Moving from Cape Town to Chelsea at the age of two with her parents and older brother, Michael, Kelly’s insight into home styling has always been frontline: “One of my favourite pastimes was viewing show homes with my mother.” By 17 she was designing bachelor pads for the actor Martin Shaw and other celebrities. “I was lucky and after that first celebrity client, word of mouth grew.”

Now over three decades in the business, travelling and experiencing new cultures infusing her Western interiors with objects chosen with an Eastern philosophy, makes her a master of visual yin-yang. Pinning down the defining elements of design isn’t a hard task she explains: “Luxury, balance and a sense of being at one with the natural and organic world, is a good start,” she reflects. “I love taking antique and vintage finds and placing them against the clean lines of stark contemporary pieces. You take what is safe and then add a twist to it. It rejuvenates both your home and you as a person.”

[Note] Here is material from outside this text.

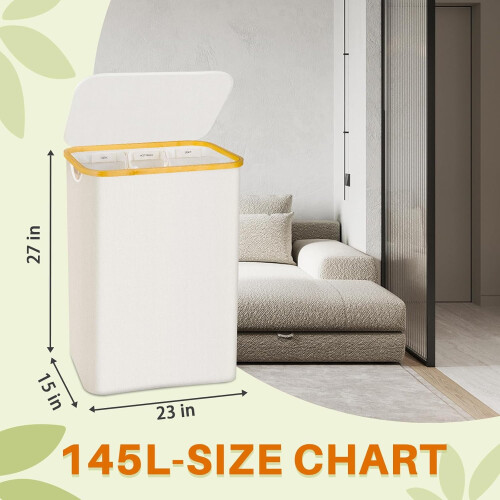 Panier à linge beige 145L à 3 compartiments avec couvercle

Project wise, diversity has defined the last decade. The Kelly Hoppen Emporium in Chelsea opened in 2002 and is a lifestyle boutique brimming with her own products, decorative objects of modern and bohemian styles. In spring 2009, she brought together her design studio, shop and design school in a beautiful mews building in Notting Hill known as ‘The Yard’, creating a one-stop shop for her customers’ needs. Her ranges for outlets such as QVC, Earth Couture and Graham and Brown span rugs, fabrics, bed linen and furniture, while her ever-expanding list of commercial commissions runs the gamut from the luxury Murmuri boutique hotel in Barcelona and Gary Rhodes exclusive restaurant Rhodes W1 in London, to the First Class cabins of British Airways. 2008 remains her “pinnacle year”. Her design empire saw huge revenues and she received an MBE for services to the industry.

As to keeping momentum going, she laughs: “I’m spontaneous by nature and always on the lookout for new challenges – Dragons’ Den being one. The moral of that is to trust your first instincts; they often remain true, though it’s difficult to remember that when you’re up to your eyes in a project. Above all else, what I’ve learned over the years is how to manage choice. There are so many great products and ranges out there that it’s easy to lose one’s way – people think they can have it all. My job as a designer is to coax my clients this way and that. You can love a million different styles, but the only way to get a look right is to edit it down and down. With discipline and forethought you can create your own dream too.”